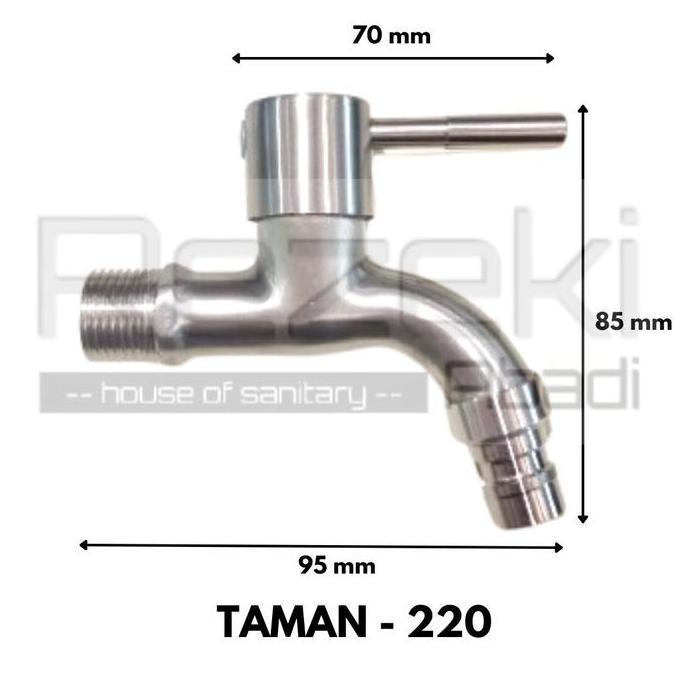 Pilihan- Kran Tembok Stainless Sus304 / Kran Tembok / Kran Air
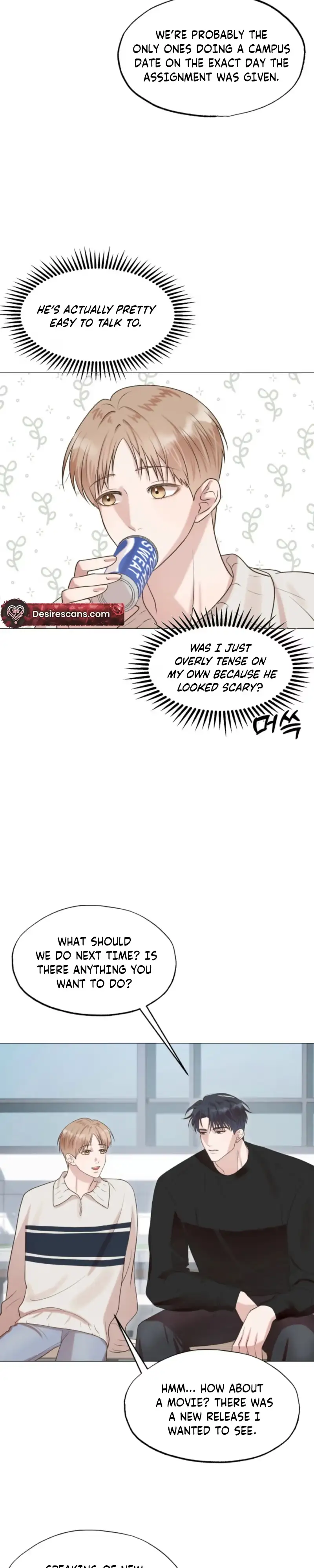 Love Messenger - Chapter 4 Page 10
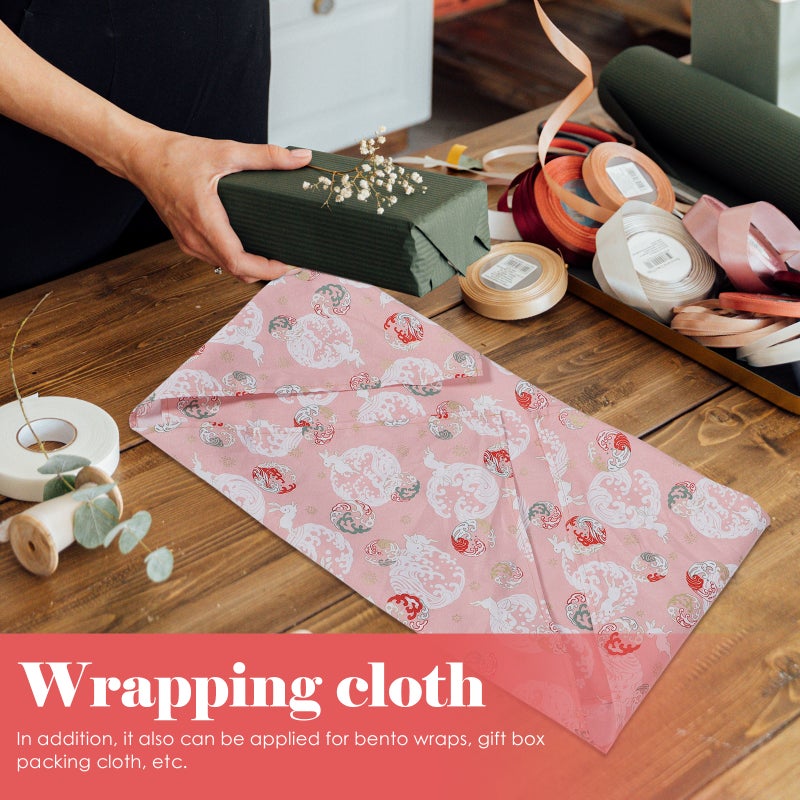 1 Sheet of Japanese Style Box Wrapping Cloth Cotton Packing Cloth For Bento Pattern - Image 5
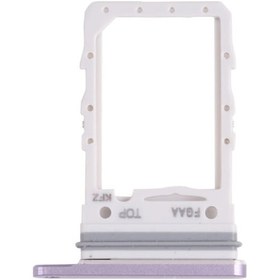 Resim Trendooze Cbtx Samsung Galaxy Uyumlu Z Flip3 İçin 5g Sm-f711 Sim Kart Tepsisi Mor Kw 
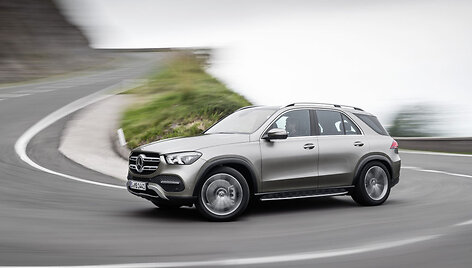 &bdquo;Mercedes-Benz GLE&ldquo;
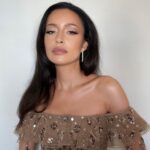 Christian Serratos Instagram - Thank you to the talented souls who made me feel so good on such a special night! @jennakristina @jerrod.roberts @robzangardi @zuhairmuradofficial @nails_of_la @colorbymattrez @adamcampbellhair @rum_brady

◇ ◇ ◇

:: WHAT YOU HAVE TO DO ::
Since the copy must hold no pictures, repeat everything else in the records exactly as written.

:: EXERCISE ANSWER ::
 Pilihan- Kran Tembok Stainless Sus304 / Kran Tembok / Kran Air
 Love Messenger - Chapter 4 Page 10
 1 Sheet of Japanese Style Box Wrapping Cloth Cotton Packing Cloth For Bento Pattern - Image 5
 Resim Trendooze Cbtx Samsung Galaxy Uyumlu Z Flip3 İçin 5g Sm-f711 Sim Kart Tepsisi Mor Kw 
 &bdquo;Mercedes-Benz GLE&ldquo;
 Christian Serratos Instagram - Thank you to the talented souls who made me feel so good on such a special night! @jennakristina @jerrod.roberts @robzangardi @zuhairmuradofficial @nails_of_la @colorbymattrez @adamcampbellhair @rum_brady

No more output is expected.